Severity of Non-IID. To analyze the effect of non-iidness on the performance of our method, we design an experiment by increasing the data samples of the low performing clients. To achieve this, first we train our models in a normal fashion as mentioned in previous sections. Then we choose three clients with the lowest accuracy at the end of the initial training and double the amount of their samples in the training data distribution. We repeat the training using the newly generated data distribution. We propose this experiment to see the effect of FedAvg weighting in a scenario where low performing clients are given higher weight. It can be seen in Fig. 3 that before increasing the number of samples, IDA performs marginally better compared to other methods; however, after we increase the number of samples in those three clients, FedAvg collapses at the beginning of training. Considering the performance of Mean aggregation, we see that IDA is the main contributing factor to the learning process.

Fig. 3.
figure 3

Accuracy of global model of clients with non-iid data distribution on cifar-10: in the right we have the same clients, and the same learning hyperparameters of the left, but the number of samples in three of the clients with poor performances increased. The local distribution of data points in those three clients remained the same. This experiment is performed on cifar-10 dataset with \(K=10\) clients, \(n_{cc}=3\), \(E=2\), lr = 0.01 and random number of samples per class per client up to 1000 samples.

3.2 Clinical Use-Case

We evaluate our proposed method on HAM10k dataset and show our results in Table 3. Even though the global accuracy of the model using IDA is on par with FedAvg, it can be seen that the local accuracy (accuracy of clients on their own test set) using IDA is superior to FedAvg in all scenarios. This indicates that IDA has a better generalization and lower variance in local accuracy of clients.

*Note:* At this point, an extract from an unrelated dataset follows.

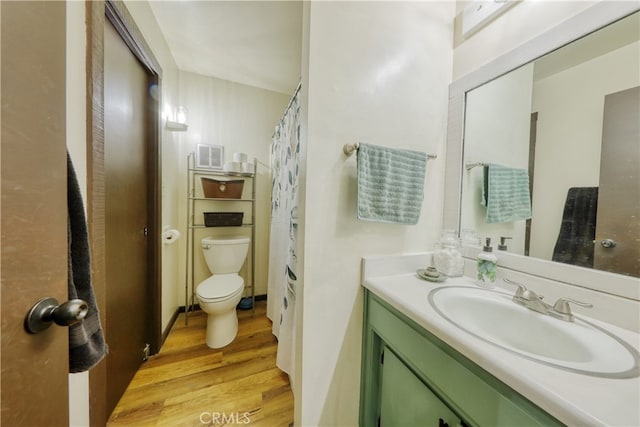 77 Meadow Lakes Dr, Tehachapi, CA 93561 - bathroom featuring wood finished floors and vanity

Table 3. Investigation on an unbalanced data distribution among the clients in federated setting, with five random classes per client, and random number of samples per client for HAM10k.

4 Discussion and Conclusion

In this work, we proposed a novel weighting scheme for aggregation of client models in a federated learning setting for non-iid and unbalanced data distribution. Our weighting is calculated based on the statistical meta-information which gives higher weights in aggregation to the clients that their data has a lower distance to the global average. We also propose another weighting approach called INTRAC that normalizes models to lower the contribution of overfitted models to the shared model. Our extensive experiments show that our proposed method outperforms FedAvg in terms of classification accuracy in non-iid scenario. Our proposed method is also resilient to low quality or poisonous data in the clients. For instance, if the majority of clients are rather aligned, then they can rule out the out-of-distribution models. This is not the case with FedAvg, however, which is based on the presumption that the clients with more data, have a better distribution compared to other models, and they should have more voting power in the global model. Future research directions concerning the out-of-distribution models detection and robust aggregation schemes should be further considered.